Task brief.
Your response should contain each line of the data that includes "unit".

__________

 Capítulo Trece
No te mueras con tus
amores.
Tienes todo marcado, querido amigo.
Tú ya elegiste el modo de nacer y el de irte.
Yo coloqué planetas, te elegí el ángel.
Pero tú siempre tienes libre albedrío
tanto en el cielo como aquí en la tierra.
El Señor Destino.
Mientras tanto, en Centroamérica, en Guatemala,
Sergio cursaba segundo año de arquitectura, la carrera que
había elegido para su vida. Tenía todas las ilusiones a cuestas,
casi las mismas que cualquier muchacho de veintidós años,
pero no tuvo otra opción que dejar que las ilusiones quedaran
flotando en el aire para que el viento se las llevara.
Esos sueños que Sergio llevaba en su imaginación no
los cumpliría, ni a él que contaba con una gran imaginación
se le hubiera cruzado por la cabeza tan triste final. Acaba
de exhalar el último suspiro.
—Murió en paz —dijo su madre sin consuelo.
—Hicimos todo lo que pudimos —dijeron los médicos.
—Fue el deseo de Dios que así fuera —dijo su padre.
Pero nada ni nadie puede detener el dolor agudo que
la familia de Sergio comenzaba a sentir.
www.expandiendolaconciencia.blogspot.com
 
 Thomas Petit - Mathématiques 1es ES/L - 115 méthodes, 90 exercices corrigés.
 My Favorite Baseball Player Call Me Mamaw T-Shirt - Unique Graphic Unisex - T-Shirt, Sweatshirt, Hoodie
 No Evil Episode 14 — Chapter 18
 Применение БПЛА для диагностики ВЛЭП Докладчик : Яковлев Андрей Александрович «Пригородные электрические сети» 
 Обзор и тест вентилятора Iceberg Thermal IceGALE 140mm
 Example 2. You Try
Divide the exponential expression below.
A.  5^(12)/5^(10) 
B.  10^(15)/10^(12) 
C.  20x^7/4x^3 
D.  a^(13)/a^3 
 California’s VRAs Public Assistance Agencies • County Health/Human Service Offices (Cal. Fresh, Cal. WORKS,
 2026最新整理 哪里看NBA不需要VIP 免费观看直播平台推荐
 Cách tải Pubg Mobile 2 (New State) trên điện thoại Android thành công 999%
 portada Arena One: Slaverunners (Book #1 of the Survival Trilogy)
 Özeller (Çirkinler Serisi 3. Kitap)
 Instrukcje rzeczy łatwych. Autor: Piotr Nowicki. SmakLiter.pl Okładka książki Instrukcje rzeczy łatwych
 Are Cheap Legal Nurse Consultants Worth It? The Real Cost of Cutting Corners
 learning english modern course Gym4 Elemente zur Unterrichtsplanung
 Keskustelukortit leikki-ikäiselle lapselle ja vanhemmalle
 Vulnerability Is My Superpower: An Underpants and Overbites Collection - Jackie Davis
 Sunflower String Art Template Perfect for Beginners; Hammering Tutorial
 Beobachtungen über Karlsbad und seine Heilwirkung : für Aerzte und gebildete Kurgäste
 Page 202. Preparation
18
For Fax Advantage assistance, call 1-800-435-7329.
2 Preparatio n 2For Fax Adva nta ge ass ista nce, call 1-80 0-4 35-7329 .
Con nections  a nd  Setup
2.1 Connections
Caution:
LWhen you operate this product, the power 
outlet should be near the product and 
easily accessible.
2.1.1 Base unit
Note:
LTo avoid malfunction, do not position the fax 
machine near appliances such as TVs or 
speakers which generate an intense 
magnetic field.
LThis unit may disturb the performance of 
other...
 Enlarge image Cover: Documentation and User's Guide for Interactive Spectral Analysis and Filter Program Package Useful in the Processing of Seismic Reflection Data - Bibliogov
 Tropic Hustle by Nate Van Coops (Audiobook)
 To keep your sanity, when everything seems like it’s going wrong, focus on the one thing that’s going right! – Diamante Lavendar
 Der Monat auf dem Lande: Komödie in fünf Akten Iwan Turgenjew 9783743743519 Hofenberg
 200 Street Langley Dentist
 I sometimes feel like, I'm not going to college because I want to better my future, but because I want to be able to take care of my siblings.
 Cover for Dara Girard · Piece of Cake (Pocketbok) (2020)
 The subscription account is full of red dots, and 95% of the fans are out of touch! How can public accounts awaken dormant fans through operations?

__________

Result of this task.
2.1.1 Base unit
LThis unit may disturb the performance of 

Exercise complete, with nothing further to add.